Thursday, March 28, 2024

Does Georgia’s Sen. Isakson Understand What FADA Does?

Photo credit: elPadawan via Flickr (CC BY-SA 2.0)
Photo credit: elPadawan via Flickr (CC BY-SA 2.0)

In a speech at Atlanta, Sen. Johnny Isakson urged the Georgia Assembly not to pass a state-based First Amendment Defense Act (FADA) bill and instead leave it to Congress to establish a federal standard for all 50 states:

“We ought to have a single, federal standard,” he said. “That ought to be dealt with at the federal level, not the state level.”

Urging legislators not to act on a “controversial” issue the Left hates is like urging a bee to fly to flowers.

Both Isakson and his fellow Georgia senator David Perdue are cosponsors of FADA, so I have to thank him for that. But I also would like to think as a cosponsor that Isakson would understand something very basic: the federal FADA only prevents the federal government from discriminating against gay marriage dissenters. It doesn’t protect state marriage clerks like Kim Davis, or florists like Barronelle Stutzman, or most importantly Atlanta fire chiefs like Kelvin Cochran from being punished by their state governments for failing to treat gay unions as marriages.

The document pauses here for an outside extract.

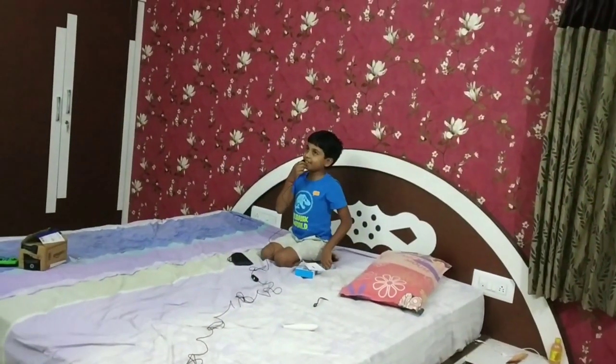We are going to go to direct shops and direct shops online. Friends, we are going to go to Amazon and Flipkart. We are going to share the link in the description. Friends, we are going to talk about it.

Perhaps Isakson’s staff failed him here, and he really doesn’t know.

But given the wave of anti-establishment, anti-Washington outrage that is fueling the surge of Donald Trump, Ted Cruz, and Ben Carson as outsider candidates, Republicans in Congress need to work harder to make sure they are not, inadvertently or otherwise, fooling the voters with spin.

Maggie Gallagher is a senior fellow at the American Principles Project.